FDA Approves Etuvetidigene Autotemcel (Waskyra) For Wiskott-Aldrich Syndrome
Etuvetidigene autotemcel became the first FDA-approved gene therapy for Wiskott-Aldrich syndrome on December 9, 2025. The drug uses the patient’s hematopoietic stem cells, which have been genetically modified to include functional copies of the WAS gene. These cells are then infused intravenously to restore blood cell production, as well as functional WAS protein expression in affected cells.

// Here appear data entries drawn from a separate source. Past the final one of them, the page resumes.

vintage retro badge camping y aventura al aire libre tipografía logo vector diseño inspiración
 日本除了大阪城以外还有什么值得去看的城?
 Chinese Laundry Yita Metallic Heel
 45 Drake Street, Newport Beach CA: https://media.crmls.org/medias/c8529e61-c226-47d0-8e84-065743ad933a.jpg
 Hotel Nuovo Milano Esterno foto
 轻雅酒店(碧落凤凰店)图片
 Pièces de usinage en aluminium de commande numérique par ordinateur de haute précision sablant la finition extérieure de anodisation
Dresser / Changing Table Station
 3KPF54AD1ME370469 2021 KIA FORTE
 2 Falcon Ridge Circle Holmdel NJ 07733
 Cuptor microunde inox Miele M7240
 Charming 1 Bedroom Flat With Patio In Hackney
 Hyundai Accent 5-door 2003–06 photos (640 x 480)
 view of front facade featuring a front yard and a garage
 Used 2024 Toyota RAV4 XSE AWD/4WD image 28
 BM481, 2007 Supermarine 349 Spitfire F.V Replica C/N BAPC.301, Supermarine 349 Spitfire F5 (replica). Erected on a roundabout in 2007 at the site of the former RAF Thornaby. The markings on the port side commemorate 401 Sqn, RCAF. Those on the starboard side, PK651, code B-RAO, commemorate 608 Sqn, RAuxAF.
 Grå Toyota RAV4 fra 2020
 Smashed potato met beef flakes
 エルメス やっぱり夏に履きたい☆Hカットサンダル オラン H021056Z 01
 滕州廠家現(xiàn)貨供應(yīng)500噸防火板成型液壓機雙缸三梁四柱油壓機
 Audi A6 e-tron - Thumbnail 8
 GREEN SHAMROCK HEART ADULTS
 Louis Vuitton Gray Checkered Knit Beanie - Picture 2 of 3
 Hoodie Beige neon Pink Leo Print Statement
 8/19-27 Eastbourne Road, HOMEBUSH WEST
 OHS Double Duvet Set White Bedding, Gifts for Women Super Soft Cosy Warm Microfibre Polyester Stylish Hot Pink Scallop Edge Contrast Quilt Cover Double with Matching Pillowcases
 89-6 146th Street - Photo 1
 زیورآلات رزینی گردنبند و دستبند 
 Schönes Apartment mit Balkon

FDA Approves Omidubicel-onlv (Omisirge) As First Cellular Severe Aplastic Anemia Therapy
On December 8, 2025, the FDA approved omidubicel-onlv to treat severe aplastic anemia (SAA), establishing it as the first hematopoietic stem cell transplant therapy for this disease. Omidubicel-onlv involves donated cord blood stem cells chemically enhanced with nicotinamide and given to a patient to restore their blood and immune system. This circumvents issues such as delayed hematopoietic recovery and increased infections presented by umbilical cord blood cells, as well as providing additional graft options for patients with SAA.
Trial Updates
BASIS: Marstacimab Confirms Efficacy and Safety for Hemophilia A and B
The BASIS trial was an open-label, 1-way crossover, multicenter phase 3 trial investigating marstacimab for a primary efficacy endpoint of annualized bleeding rates versus previous therapy during a prior phase 1b/2 study. Patients ultimately saw a mean bleeding rate reduction from 39.86 to 3.2, while those receiving routine prophylaxis saw a reduction from 7.9 to 5.09.
SUMMIT: Bezuclastinib Outperforms Placebo in Nonadvanced Systemic Mastocytosis
During the phase 2 SUMMIT trial, patients were randomly assigned in a 2:1 ratio to receive bezuclastinib or placebo, on top of supportive care medication. Patients assigned to bezuclastinib displayed substantially greater symptom improvement compared to placebo, with a reduction in serum tryptase of ≥50% achieved by 87.4% of bezuclastinib patients versus 0% on placebo. Parent company Cogent Biosciences also announced plans to present data from a 48-week follow-up period at an upcoming scientific meeting in the first quarter of 2026.
Ianalumab Improves Stable Response, Reduces Fatigue in ITP, With Hanny Al-Samkari, MD
Presented at the 67th American Society of Hematology (ASH) Annual Meeting and Exposition by Hanny Al-Samkari, MD, the Peggy S. Blitz Endowed Chair in hematology and oncology at the Massachusetts General Hospital and associate professor of medicine at Harvard Medical School, the VAYHIT2 trial demonstrated ianalumab’s efficacy in prolonging time to treatment failure, improving stable response at 6 months, reducing fatigue, delaying need for subsequent therapy, and facilitating tapering off eltrombopag in patients with primary immune thrombocytopenia.
HOPE-B: 5-Year Etranacogene Dezaparvovec Maintains Durable Efficacy and Safety in Hemophilia B, With Steven Pipe, MD
The HOPE-B trial, presented at ASH 2025 by Steven Pipe, MD, a professor of pediatrics and pathology at the University of Michigan, showed that a single dose of etranacogene dezaparvovec maintains durable and endogenous factor IX Padua expression, producing sustained reductions in bleeding rates among patients with severe or moderately severe hemophilia B. During the trial, patients receiving etranacogene dezaparvovec exhibited a substantial reduction in bleed rates for all bleeds during the first 60 months post-therapy.